Here are ten examples of the ways online reputation management is used by individuals, companies and organizations.
- To ensure up-to-date and accurate information dominates search results for an organization or individual’s name.
- To ensure that factual, credible reference material is readily available online. That reduces the chance that fraudulent information will impact a brand.
- To remove unwanted or inappropriate information, photographs or other content from the first few pages of Google search results. Home addresses, ages and other personal information found high on Google searches are especially sought after by online databases which scour the internet for personal information. These databases (“people searches”) then publish such content online without consent from the individual or organization. Once it is posted it stays.
- To monitor social media and online forums for red flags signaling potential on- and offline threats against high-profile individuals and their organizations.
- To create a strong online presence about a topic. That presence acts as a barrier against potential distortions from third-party content, including anonymous and defamatory material.
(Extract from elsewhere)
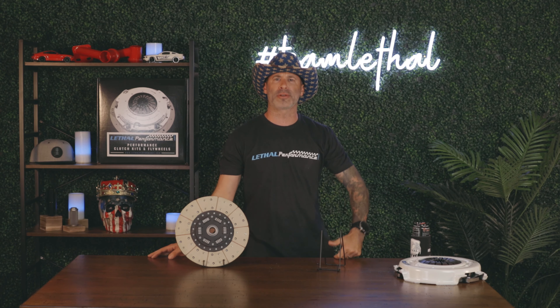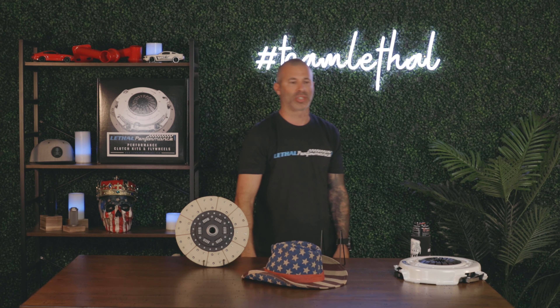I just want to tell you guys, thank you so much for all your support out there. I appreciate that. Our clutch line is doing phenomenal. We're doing some racing, normal daily driving — you guys want to make a thousand horsepower, we got the clutch for you here at Lethal Performance. Come on down! Booyakasha.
Without it, such items can go straight to the top of searches – and stay.
- To ensure that your story is told by you and not by former partners or other potentially biased parties.
- To establish a reputation within your area of expertise on multiple online platforms.
- To create an online legacy for a VIP who is preparing for retirement or to exit an organization.
- To educate individuals and organizations about basic safeguards to help protect the reputation they have worked hard to establish.